Jade Pass Trail, Mt. Revelstoke
Revelstoke is a year-round adventure playground for the whole family, offering the outdoor enthusiast a taste of everything through all seasons. Located at the north end of the Arrow Lakes & Slocan Valley region in the British Columbia’s Kootenay Rockies and nestled between the Monashee and Selkirk mountain ranges, this region is the gateway to nearby Mt. Revelstoke and Glacier National Parks with giant old-growth forests, glaciers and stunning views. Skiing, mountain biking, hiking, golf, attractions, paddle boarding, white water rafting, cat and heli skiing are all here to create lasting memories.
On the Trans-Canada Highway between Calgary and Vancouver, 410 km (255 mi) west of Calgary on Hwy 1, and 565 km (351 mi) northeast of Vancouver via Highways 1 & 5. The community of Sicamous is 73 km (45 mi) west of Revelstoke on Hwy 1. South via Hwy 23 is Nakusp at 105 km (65 mi) which includes a short ferry ride.

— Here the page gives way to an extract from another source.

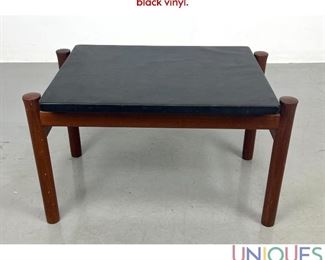 Lot 204 Fritz Hansen Teak Low Table Stool. Hardtop covered with black vinyl.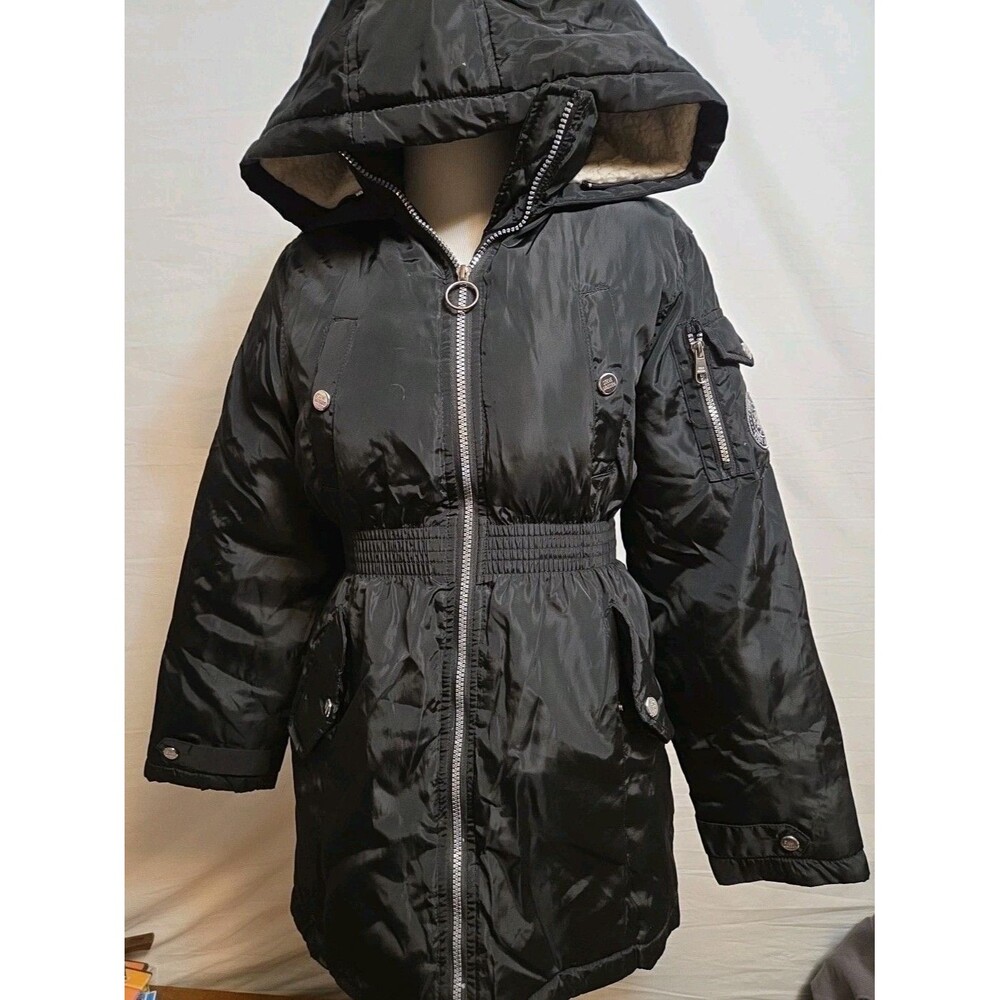 Steve Madden Hooded Sherpa Long Puffer Jacket Coat Size Large Full Zip Heavy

In 1871, British Columbia agreed to join the Canadian Federation, based on the promise of a trans-continental railway to connect Western and Eastern Canada. The project proved to be extremely dangerous and expensive. In the summer of 1885, as the project was nearing completion, the banking firm Baring and Glyn saved the Canadian Pacific Railway from bankruptcy by buying the company’s bonds. Consequently, the community of Farwell was renamed by the CPR to honour Lord Revelstoke, the head of Baring and Glyn.
Revelstoke had become a prominent transportation and supply town serving the gold rush companies in the early 1880s and when the railway arrived in 1885 the town flourished becoming an important part of the trade route getting supplies in and out of the region. With the advent of the CPR, a lucrative forestry industry also developed. Revelstoke was officially incorporated as a city in 1899.
Craigellachie, just east of Revelstoke, is where The Last Spike on the Canadian Pacific Railway was driven on November 7, 1885. This was the point where the railway, which was built from both ends of the country, met.